The Lassen operation was intended to show that the United States does not agree that China can prevent U.S. ships from entering a 12-nautical-mile zone that Beijing is claiming around the artificial islands.

The Pentagon apparently chose Subi Reef, which is known as a low-tide elevation, with great care, said Andrew S. Erickson, associate professor at the China Maritime Studies Institute at the U.S. Naval War College in Rhode Island.

Under the U.N. Convention on the Law of the Sea, a low-tide elevation — one naturally submerged at high tide — is not entitled to a 12-nautical-mile territorial limit, Erickson said. Beyond a 500-meter safety zone, foreign ships and aircraft are free to operate without consultation or permission, he said.

At the Foreign Ministry on Tuesday, Lu, the spokesman, said that China had sovereignty over the Spratly chain and hence claimed the 12-nautical-mile zone.
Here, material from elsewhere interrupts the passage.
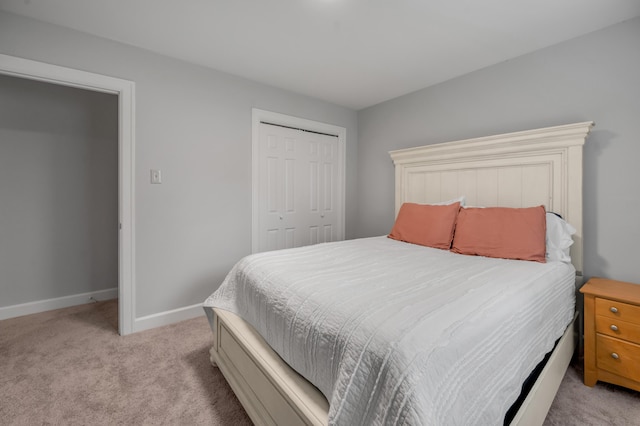 1074 Rockbridge Rd, Lexington, KY 40515 - bedroom with light carpet and a closet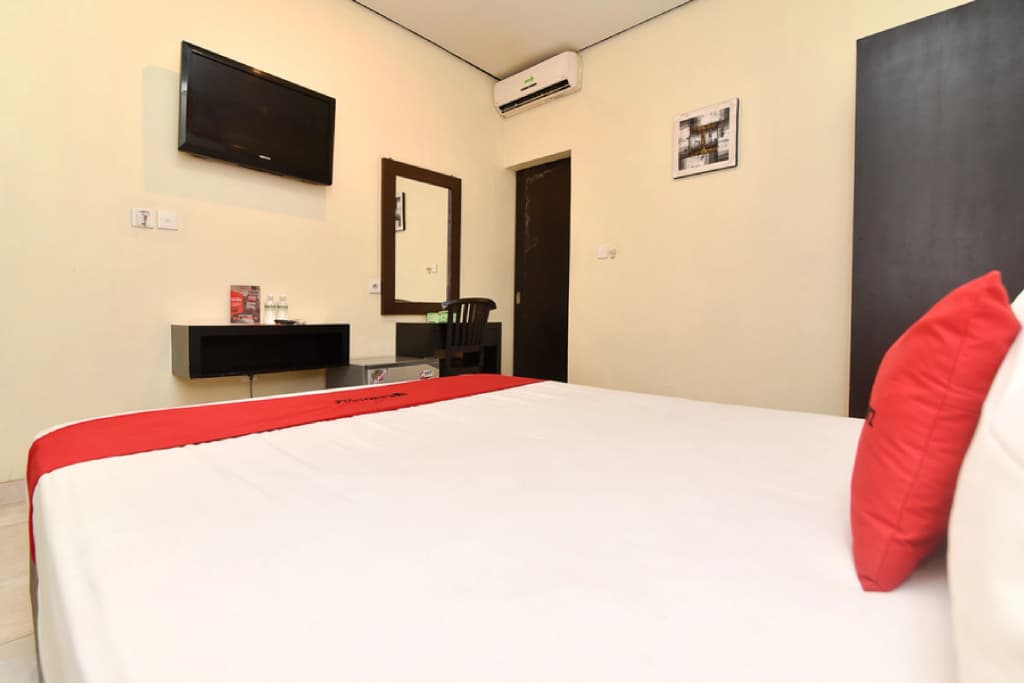 RedDoorz near Ngurah Rai Airport - main photo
"China has indisputable sovereignty of the Nansha Islands and adjacent waters," Lu said, using China's name for the Spratlys. He said that China was building in the South China Sea for the "public good."

Referring to the United States, Lu said, "If the relevant party keeps stirring things up, it will be necessary for China to speed up its construction activities."

The Lassen's patrol came a week before the head of the U.S. Pacific Command, Adm. Harry B. Harris Jr., is scheduled to hold talks in Beijing with senior Chinese military officials. Harris, who has criticized China for moving "walls of sand" to create the artificial islands, has been an outspoken proponent of freedom-of-navigation patrols and has warned that the United States will conduct such forays whenever it sees fit.